I have been running a directive system with a DECA network for almost a year and have used it to get an ethernet connection to the other side of my house using a broadband deca by the router and a deca with a power supply to get the internet out of the deca network and into my second router. When i first set it up it was plug and play and super easy once i upgraded my swim to have enough tuners and it has ran great until recently when we had the main router go bad and had to replace it (A family member got flip happy with the breaker box and fried it because it was not plugged into a surge protector like everything else) . After replacing it my second router says it can't find a DHCP server or an internet connection but all of my Directv receivers say they are connected to the internet and are able to use TV APPS etc. If i plug my mac book directly into the DECA w/ Power Supply i show 57m download and can surf the internet but then when i plug my second router back in it still says no internet and no DHCP. I have reflashed my second router (Buffalo WZR-AG300H) with new DD-WRT and have reset the modem, first router, BB DECA, and second router multiple times and nothing seems to fix it. I have even plugged my router into my second deca only then remembering that it doesn't have a power supply so it wouldn't work anyways.
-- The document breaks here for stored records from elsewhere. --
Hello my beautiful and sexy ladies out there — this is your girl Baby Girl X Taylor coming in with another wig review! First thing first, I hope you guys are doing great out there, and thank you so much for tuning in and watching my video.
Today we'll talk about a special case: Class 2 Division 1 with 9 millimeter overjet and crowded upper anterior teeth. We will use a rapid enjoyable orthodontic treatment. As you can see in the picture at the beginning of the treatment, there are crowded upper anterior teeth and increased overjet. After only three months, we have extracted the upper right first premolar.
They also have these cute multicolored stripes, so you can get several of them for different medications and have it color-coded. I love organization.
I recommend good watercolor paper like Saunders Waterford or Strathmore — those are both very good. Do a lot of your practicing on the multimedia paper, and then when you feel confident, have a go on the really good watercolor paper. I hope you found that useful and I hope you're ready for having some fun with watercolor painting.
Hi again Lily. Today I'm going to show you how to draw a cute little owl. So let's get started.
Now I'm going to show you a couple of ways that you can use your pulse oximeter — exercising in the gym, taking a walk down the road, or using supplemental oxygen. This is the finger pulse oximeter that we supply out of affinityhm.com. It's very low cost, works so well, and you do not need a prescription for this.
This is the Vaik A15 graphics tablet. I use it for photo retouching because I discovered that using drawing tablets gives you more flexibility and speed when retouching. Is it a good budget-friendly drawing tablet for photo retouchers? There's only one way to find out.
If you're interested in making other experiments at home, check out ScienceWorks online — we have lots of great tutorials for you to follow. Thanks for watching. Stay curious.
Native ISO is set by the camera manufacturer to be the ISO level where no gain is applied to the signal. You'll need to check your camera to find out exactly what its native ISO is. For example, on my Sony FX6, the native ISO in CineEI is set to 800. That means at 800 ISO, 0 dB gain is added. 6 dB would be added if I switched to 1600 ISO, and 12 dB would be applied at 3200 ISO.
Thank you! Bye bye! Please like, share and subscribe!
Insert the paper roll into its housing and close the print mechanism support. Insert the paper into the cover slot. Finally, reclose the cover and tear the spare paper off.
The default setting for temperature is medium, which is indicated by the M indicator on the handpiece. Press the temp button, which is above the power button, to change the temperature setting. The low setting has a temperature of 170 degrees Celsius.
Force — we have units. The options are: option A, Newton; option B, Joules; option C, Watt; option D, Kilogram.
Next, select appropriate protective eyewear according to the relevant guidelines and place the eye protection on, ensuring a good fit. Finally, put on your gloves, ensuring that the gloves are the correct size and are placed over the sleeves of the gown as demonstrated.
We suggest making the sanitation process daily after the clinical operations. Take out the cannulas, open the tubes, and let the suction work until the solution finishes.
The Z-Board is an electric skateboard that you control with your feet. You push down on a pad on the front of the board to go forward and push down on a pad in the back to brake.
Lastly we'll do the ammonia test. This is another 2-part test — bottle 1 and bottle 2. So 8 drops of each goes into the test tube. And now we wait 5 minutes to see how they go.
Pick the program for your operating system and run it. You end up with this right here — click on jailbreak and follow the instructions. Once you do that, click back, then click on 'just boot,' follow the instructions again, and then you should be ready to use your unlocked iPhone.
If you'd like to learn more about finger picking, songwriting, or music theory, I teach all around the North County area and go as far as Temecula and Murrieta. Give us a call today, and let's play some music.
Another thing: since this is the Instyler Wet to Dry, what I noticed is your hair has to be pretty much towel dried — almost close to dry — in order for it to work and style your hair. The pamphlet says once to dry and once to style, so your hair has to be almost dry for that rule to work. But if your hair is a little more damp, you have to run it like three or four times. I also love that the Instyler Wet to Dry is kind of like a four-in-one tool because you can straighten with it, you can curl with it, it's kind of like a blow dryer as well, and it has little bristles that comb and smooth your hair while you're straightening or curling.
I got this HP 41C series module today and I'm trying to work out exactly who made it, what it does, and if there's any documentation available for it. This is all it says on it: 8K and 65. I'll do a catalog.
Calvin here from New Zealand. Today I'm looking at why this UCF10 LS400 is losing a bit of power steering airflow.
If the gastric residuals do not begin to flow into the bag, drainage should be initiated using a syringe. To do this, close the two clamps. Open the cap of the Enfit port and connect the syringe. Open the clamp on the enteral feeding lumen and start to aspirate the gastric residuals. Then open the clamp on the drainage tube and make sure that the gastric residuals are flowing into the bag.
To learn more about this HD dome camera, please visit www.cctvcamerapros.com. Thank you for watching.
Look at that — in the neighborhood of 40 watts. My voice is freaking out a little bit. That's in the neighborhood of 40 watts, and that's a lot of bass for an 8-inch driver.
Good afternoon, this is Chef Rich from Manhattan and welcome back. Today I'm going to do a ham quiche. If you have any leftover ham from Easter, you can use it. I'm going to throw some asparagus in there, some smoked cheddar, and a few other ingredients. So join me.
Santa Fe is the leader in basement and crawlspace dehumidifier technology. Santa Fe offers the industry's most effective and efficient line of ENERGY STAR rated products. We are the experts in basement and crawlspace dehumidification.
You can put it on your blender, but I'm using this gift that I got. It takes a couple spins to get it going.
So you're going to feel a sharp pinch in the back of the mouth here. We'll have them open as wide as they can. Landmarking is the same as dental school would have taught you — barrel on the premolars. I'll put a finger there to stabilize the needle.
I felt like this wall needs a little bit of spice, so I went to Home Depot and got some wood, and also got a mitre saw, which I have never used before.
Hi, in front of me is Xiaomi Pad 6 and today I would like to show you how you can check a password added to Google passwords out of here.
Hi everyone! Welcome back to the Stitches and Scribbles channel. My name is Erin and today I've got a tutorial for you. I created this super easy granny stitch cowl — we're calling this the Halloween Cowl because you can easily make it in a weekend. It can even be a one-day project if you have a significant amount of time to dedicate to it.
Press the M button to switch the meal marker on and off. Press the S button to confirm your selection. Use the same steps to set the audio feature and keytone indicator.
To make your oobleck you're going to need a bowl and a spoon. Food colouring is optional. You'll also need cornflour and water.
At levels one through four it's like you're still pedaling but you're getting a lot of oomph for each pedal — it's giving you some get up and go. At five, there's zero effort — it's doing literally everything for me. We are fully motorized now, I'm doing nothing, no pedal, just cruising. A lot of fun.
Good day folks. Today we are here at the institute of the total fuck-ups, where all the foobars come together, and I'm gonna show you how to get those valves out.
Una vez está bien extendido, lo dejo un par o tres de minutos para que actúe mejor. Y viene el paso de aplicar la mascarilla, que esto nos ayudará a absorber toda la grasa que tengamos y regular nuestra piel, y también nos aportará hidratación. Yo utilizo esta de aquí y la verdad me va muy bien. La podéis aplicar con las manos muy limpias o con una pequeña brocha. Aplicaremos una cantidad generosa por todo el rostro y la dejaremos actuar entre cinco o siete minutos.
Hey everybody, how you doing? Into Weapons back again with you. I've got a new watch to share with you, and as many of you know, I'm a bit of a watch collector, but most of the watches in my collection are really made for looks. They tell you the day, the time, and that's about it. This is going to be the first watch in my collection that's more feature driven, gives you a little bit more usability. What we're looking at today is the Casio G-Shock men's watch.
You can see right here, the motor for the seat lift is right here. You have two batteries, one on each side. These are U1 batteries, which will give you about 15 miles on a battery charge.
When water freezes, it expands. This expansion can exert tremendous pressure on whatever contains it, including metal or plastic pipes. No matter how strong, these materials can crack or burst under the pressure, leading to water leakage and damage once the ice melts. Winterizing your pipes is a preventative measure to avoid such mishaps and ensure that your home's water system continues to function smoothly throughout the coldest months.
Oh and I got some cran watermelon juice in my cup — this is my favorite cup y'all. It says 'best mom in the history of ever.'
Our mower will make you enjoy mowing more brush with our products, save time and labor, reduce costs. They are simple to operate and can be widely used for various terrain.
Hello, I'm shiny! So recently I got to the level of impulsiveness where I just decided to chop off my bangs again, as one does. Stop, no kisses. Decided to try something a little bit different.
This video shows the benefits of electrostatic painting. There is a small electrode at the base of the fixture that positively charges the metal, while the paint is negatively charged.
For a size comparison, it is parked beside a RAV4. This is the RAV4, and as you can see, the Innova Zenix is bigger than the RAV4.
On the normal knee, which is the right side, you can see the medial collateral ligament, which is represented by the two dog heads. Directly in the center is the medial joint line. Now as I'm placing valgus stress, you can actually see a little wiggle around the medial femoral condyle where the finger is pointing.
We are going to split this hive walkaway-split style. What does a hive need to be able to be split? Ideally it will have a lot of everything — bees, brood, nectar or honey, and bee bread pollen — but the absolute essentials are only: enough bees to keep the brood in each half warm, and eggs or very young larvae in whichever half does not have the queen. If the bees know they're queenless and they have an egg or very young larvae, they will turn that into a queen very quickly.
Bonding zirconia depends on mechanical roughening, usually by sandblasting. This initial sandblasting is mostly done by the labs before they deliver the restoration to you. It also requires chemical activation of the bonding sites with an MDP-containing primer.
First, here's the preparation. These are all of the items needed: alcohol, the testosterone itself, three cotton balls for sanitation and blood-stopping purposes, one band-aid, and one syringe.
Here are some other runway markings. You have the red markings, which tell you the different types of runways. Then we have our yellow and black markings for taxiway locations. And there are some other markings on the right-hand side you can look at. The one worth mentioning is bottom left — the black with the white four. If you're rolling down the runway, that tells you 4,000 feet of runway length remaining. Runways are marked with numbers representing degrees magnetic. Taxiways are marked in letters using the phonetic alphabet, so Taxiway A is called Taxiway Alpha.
Anyone have any ideas on how to solve my problem?

I have included a diagram of my system set up with the exception of the splitters, multi switch, and swim that i have as i am almost 100% certain they are not the issue as this issue did not start until after i replaced the router but can add them or answer questions about them if that would help. Also this system is two DTV accounts running on one SWiM network but that shouldn't make a difference (HR24 and HR21 on one account, HR34, H21 on another account both half whole home active and can share playlists)


----------



## peds48 (Jan 11, 2008)

you must turn off DHCP on one of the routers.


----------



## Rcsfanz11 (Nov 22, 2013)

you must turn off DHCP on one of the routers.


Do I turn it off on the one at the modem or my second router?


Sent from my iPhone using DBSTalk


----------



## peds48 (Jan 11, 2008)

second router


----------



## Rcsfanz11 (Nov 22, 2013)

peds48 said:


> second router


Ok so on the WAN connection what do i set it up as?
Static IP
PPPoE
PPTP
L2TP
Heartbeat Signal

If it is static do I set up the WAN IP as an IP on the first router. My first router is 192.168.11.1

Thank you for your help and sorry for the stupid questions


----------



## inkahauts (Nov 13, 2006)

You need to set the second router as a wap. You can only run one router.


----------



## Rcsfanz11 (Nov 22, 2013)

You need to set the second router as a wap. You can only run one router.

Thank you both I finally got it working!


Sent from my iPhone using DBSTalk


----------



## peds48 (Jan 11, 2008)

Rcsfanz11 said:


> Thank you both I finally got it working!
> 
> Sent from my iPhone using DBSTalk


Awesome. Thanks for the update.


----------